Now that is what I am talkin about.  Today is a good day, my friends.  A very good day.  The House just passed the Violence Against Women Act (VAWA), and President Obama will soon sign it into law.  In my post Let’s Get ‘Er Done:  The Violence Against Women Act, I discussed the power issues at play here, and they were all about women and minorities.

 

The new law:

  • Renews the original Violence Against Women Act, which was passed in 1994.  This legislation has provided crucial resources to victims of domestic violence, and significantly reduced its occurrence.  VAWA has made a huge difference in the lives of domestic violence victims.
  • Extends protections to the LGBT community, who are often denied resources (according to a 2010 survey, 45 percent of LGBT victims were turned away when they sought help from a domestic violence shelter, and nearly 55 percent of those who sought protection orders were denied them).
  • Extends protections to the Native American community by allowing non-Native men to stand trial on Native land.  Thirty-four percent of American Indian and Alaska Native women will be raped in their lifetimes; 39% will be subjected to domestic violence in their lifetimes; and on some reservations, Native women are murdered at more than ten times the national average.  Much of this violence is perpetrated by non-Native men who were not being held accountable for their actions.
  • Speeds up DNA evidence analysis, to avoid the rape kit backlog.

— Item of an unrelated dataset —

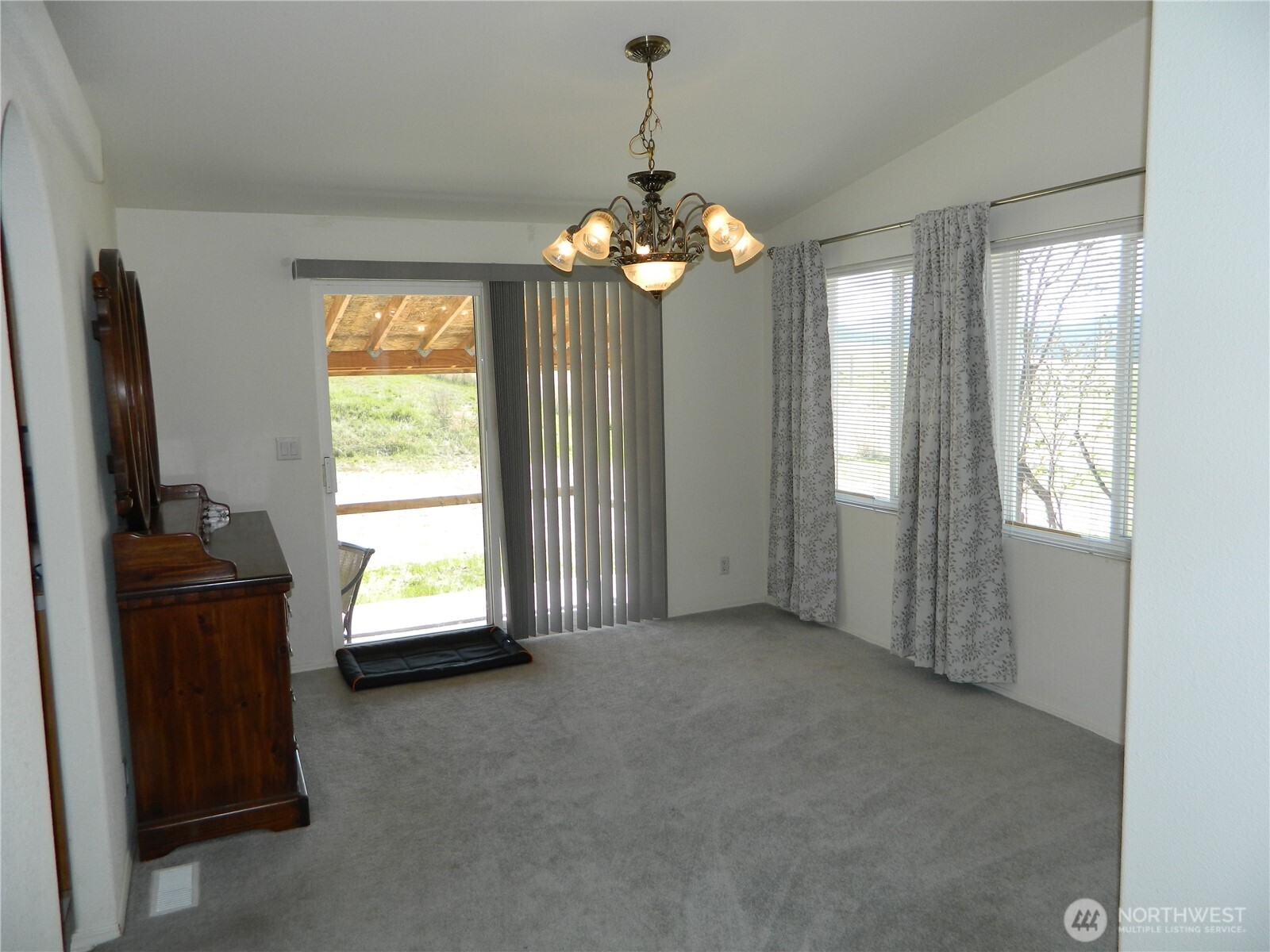 100 Summer Road Property Photo 12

This law is good in all kinds of ways for all kinds of people, including male victims of domestic violence:   one in seven men have experienced severe physical violence by an intimate partner, and one in 71 men have been raped in their lifetime.

Here’s a quick look at how this legislation was passed:

  • First, it passed the Senate—but 22 Republicans voted against it.  And one of them, Senator Tom Coburn of Oklahoma, tried to remove the provision protecting Native American women.
  • The House tried to pass its own version of the bill, removing protections for LGBT people and watering down the provision protecting Native Americans.
  • Finally, the Senate version of VAWA passed the House, but without a majority of Republican votes.  138 Republicans voted against it, compared to 87 supporters.  (See how your Representative voted.)

Most spoken argument against the law is about state and federal power, but it’s pretty clear that the opposition was actually rooted in deep prejudice and intolerance on the part of conservative ideologues. During the debate over this law, Sen. Chuck Grassley (R-Iowa) stated that Native American courts are incapable of providing a fair trial to non-Native Americans.

I’m grateful that this ideology of intolerance didn’t hold VAWA hostage.  That means there is hope for tolerance of all kinds in this country.  And it means, as President Obama has said, that we’ve taken an important step forward in making sure that no one in America has to live in fear.